The final report of the Shaping Our Future team is now available to download here.

 

 

April 2010

 

The Process Moves toward Proposals for Action

Approaching the final stage of a year-long process, the Shaping Our Future team is now assembling a series of richly creative suggestions for productively focusing congregational energy and attention over the next few years. The suggestions are many, are closely responsive to our particular needs and desires, and often seem to be natural developments of practices already in place. They are expressed in language that we will recognize because it comes directly from our broad participation in the conversation circle discussions of last fall as well as the popular and more broadly attended neighborhood gatherings in February.

 

The process was straightforward. Seven themes identified in an earlier series of cottage meeting discussions were used to guide future-oriented discussions of the individual conversation circles. An interim report presented to the congregation in January identified almost 50 statements of aspiration summarizing conversation circle content, and those statements were subsequently used to guide a round of well-attended neighborhood sessions. These sessions were carefully organized to encourage very active participation in the brainstorming and proposing of strategies, programs, and activities that might begin to implement or satisfy the aspirations. A succinct and planning-oriented set of 28 significantly valued aspirations was also defined by the selective discussion and prioritization of the neighborhood sessions, and this set has become the organizing basis for our team’s further activity.

 

Our draft of a planning report intended to update a portion of Cedars’ 2005-2010 Comprehensive Plan presents our collected material as a series of aspiration statements that are typically accompanied by several implementation strategies and a set of action plan possibilities. We are currently working directly with tentative committee or similar entity “agents” that we have identified for each suggested action in order to refine the content. Our next step will be to share all of this with the rest of you. We plan to do that in various ways, including direct emailing, website posting, and Webster hall displays.

 

Stay tuned.  We have a rich and rewarding future awaiting!

 

The “Shaping Our Future” team: Angie Hoffpauir, Becki Maxwell, Betty Petras, Bill Scarvie, Frank Petrie, Karolynn Flynn, Richard Wilson, and Rev. Jaco ten Hove

 

 

January 2010

Conversation Circles Initial Phase Report

 

Process

During the past few months, as part of Cedars’ 50th anniversary activity, the Shaping Our Future team has organized a series of conversation circles exploring themes derived from future-oriented cottage meeting discussions earlier in the year. The circles were offered during the coffee hour following each Sunday service over a 15 week period, with seven discussion themes each scheduled to occur twice. It has been a very productive endeavor, achieving broad congregational participation with 69 individuals filling 160 seats in 25 conversation circle sessions that typically engaged 6 people for 20 minutes.

 

Each week’s theme reflected an aspect of Cedars’ past, present, and probable future: Community, Growth, Youth & RE, Our Home, Public Presence, Worship Issues, and Program Possibilities. Each circle’s discussion focused on one theme with a question or two that generally asked what was especially appreciated about that particular aspect of Cedars, and more significantly, what might be done to enhance, improve, or achieve more of that in the future.

 

Product

Discussions in the conversation circles were often frank, lively, and creative. Everyone was encouraged to talk, and everyone was encouraged to listen. Much was shared, and responses to the questions as well as further thoughts and comments have been carefully recorded, with a full set now filling the east wall of Webster Hall as well as a special blog on the Cedars website. The display is impressive; it is also expressive. It speaks of who and what we are as Cedars, and how we wish to shape our future.
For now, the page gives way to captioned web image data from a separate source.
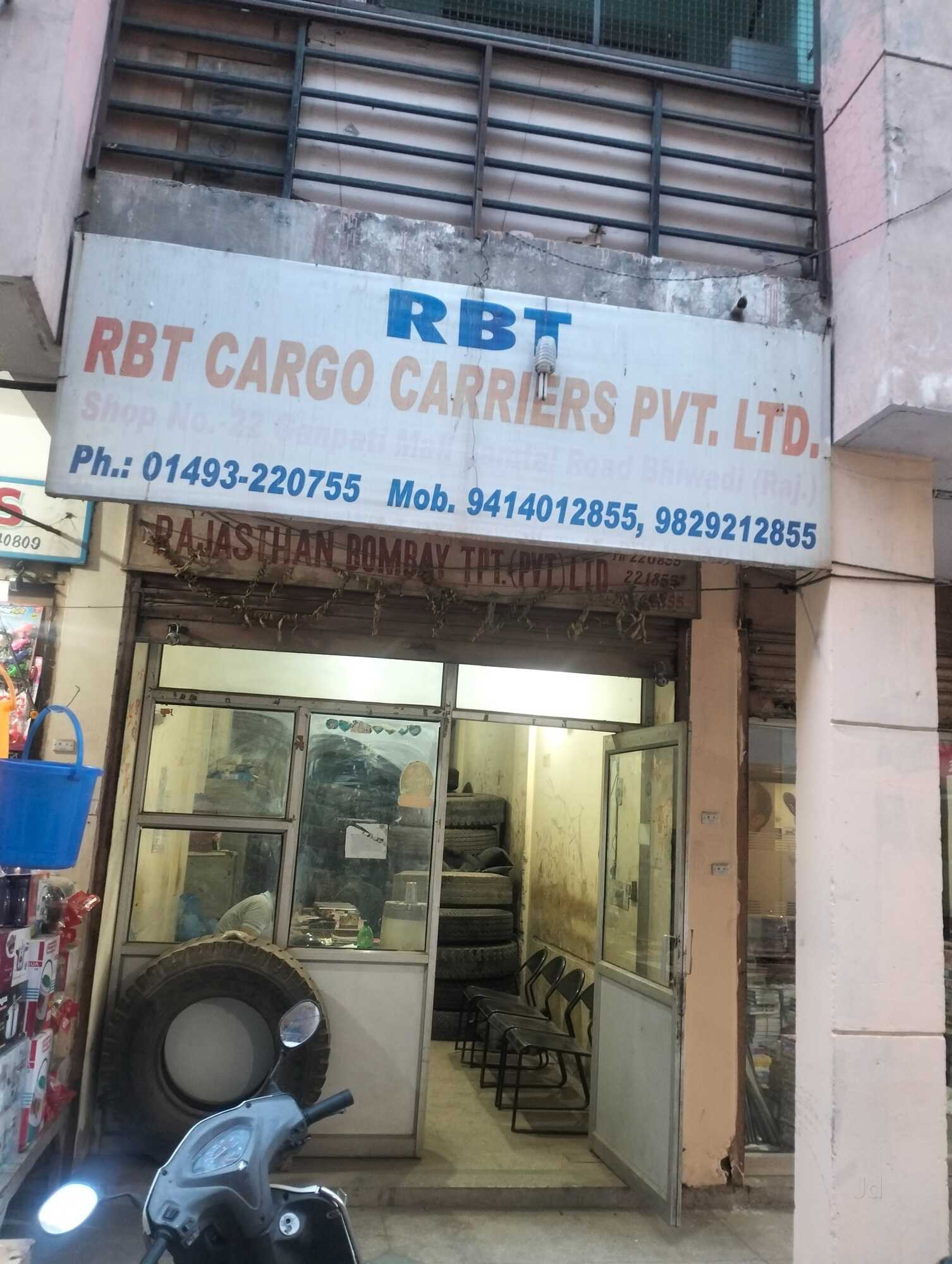 Indeed Rbt Jobs Near Me - wgkjmon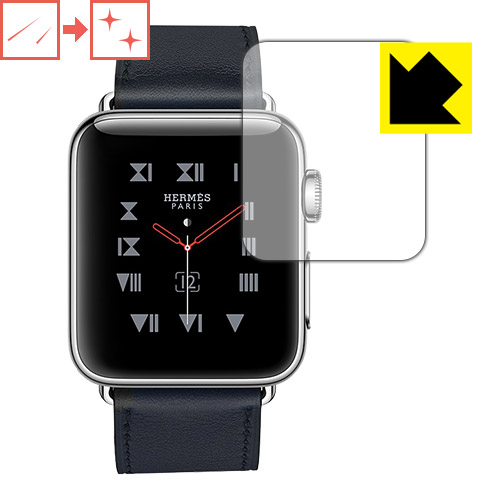 Apple Watch Series 3 38mm用 自然に付いてしまうスリ傷を修復！保護フィルム キズ自己修復 【PDA工房】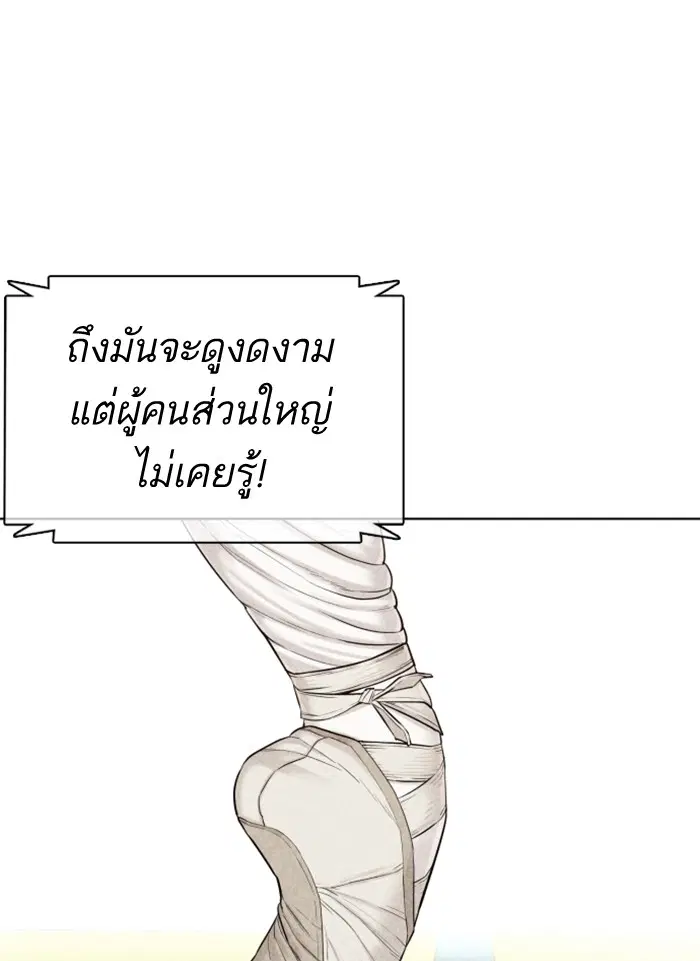 How to Fight ตอนที่ 71 หน้า 138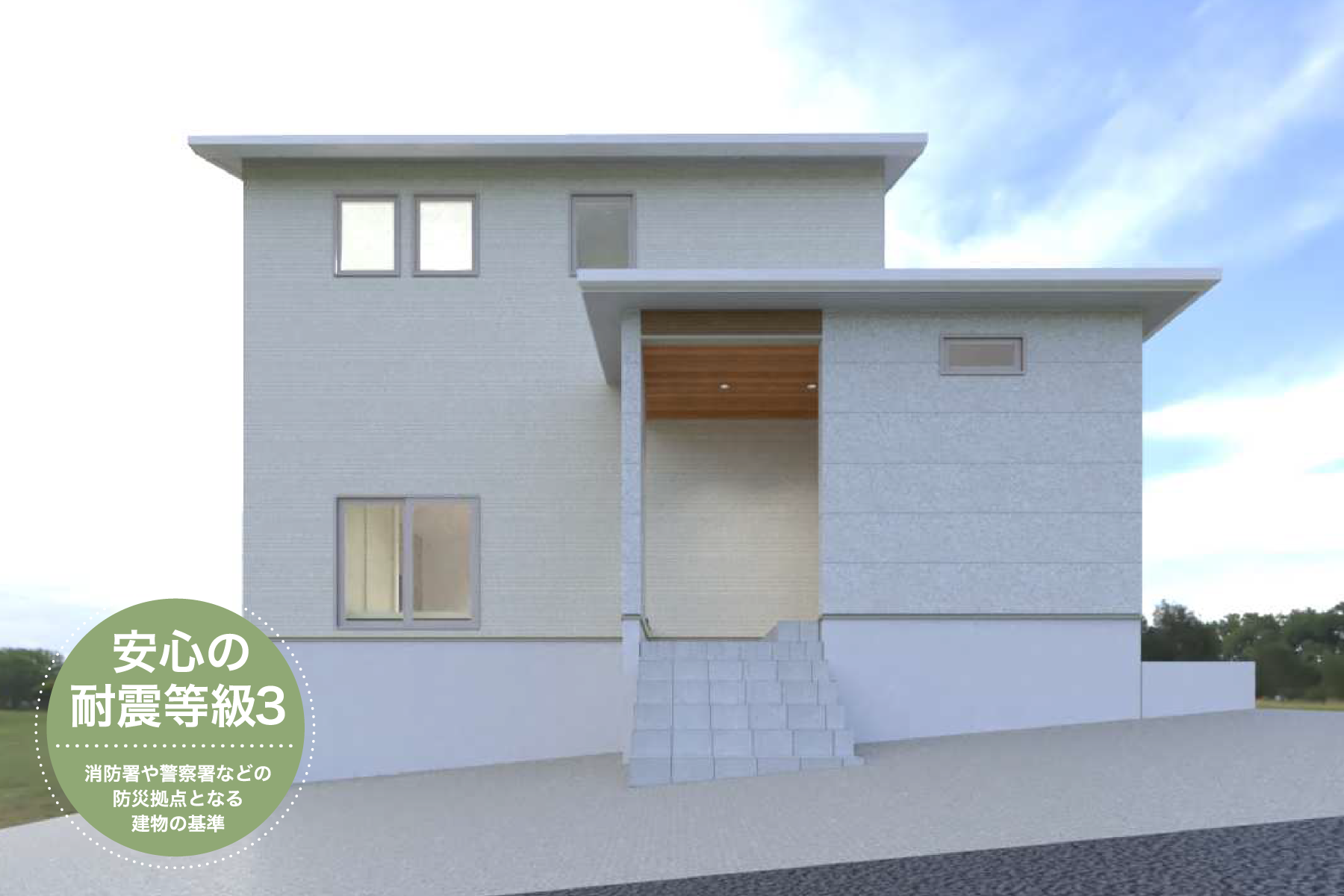 別府市扇山 / ３LDK建売住宅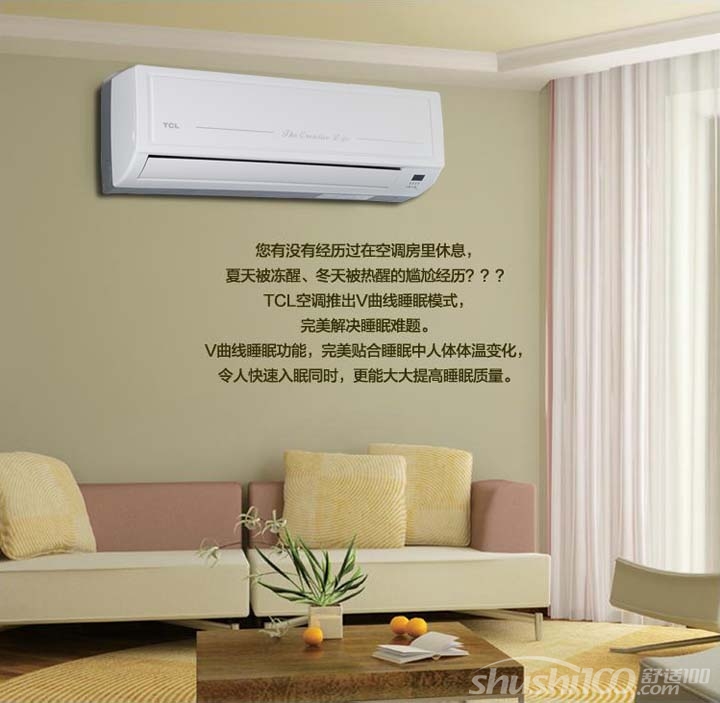 tcl壁挂式空调—tcl壁挂式空调该如何清洗？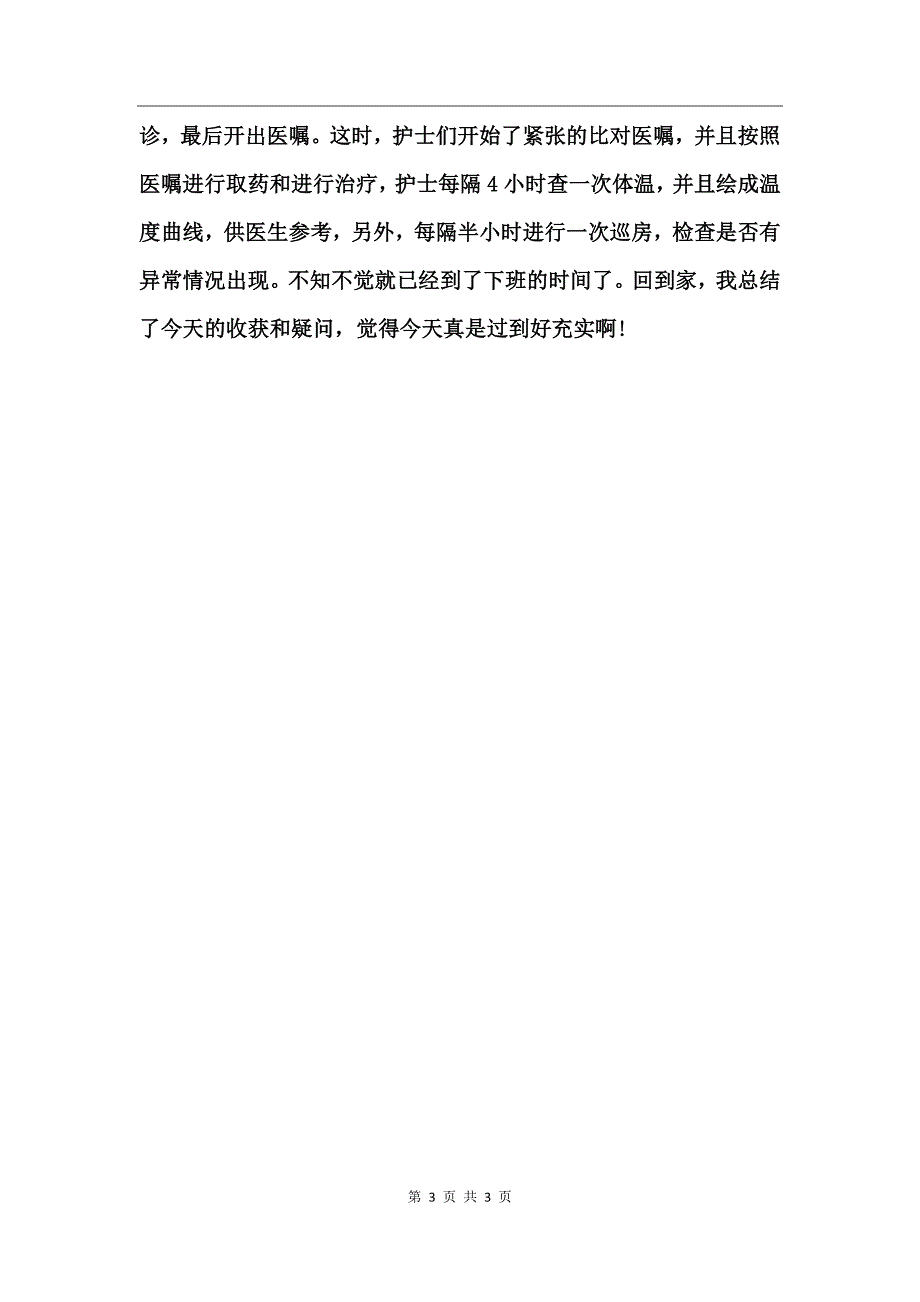 在医院进行的社会实践报告_第3页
This wall of content has been sorted into similar response or comment clusters, and the further study and processing of this report summarizes past and present perspectives on each theme and proposes almost 50 statements of aspiration that rephrase and represent the essential content of the forward-looking clusters.

 

Findings

It is clear that there is much about Cedars that we have come to feel is significant and integral to our lives. We come together every week because we desire more of what we find here. As a community, we are more than we are as individuals. As a spiritual community, we are becoming more than we were. And as we look toward our immediate future, we are now giving expression to our dreams and desires. Within those statements of aspiration lie broadly shared sentiments: we wish to deepen, enliven, and expand what we already have.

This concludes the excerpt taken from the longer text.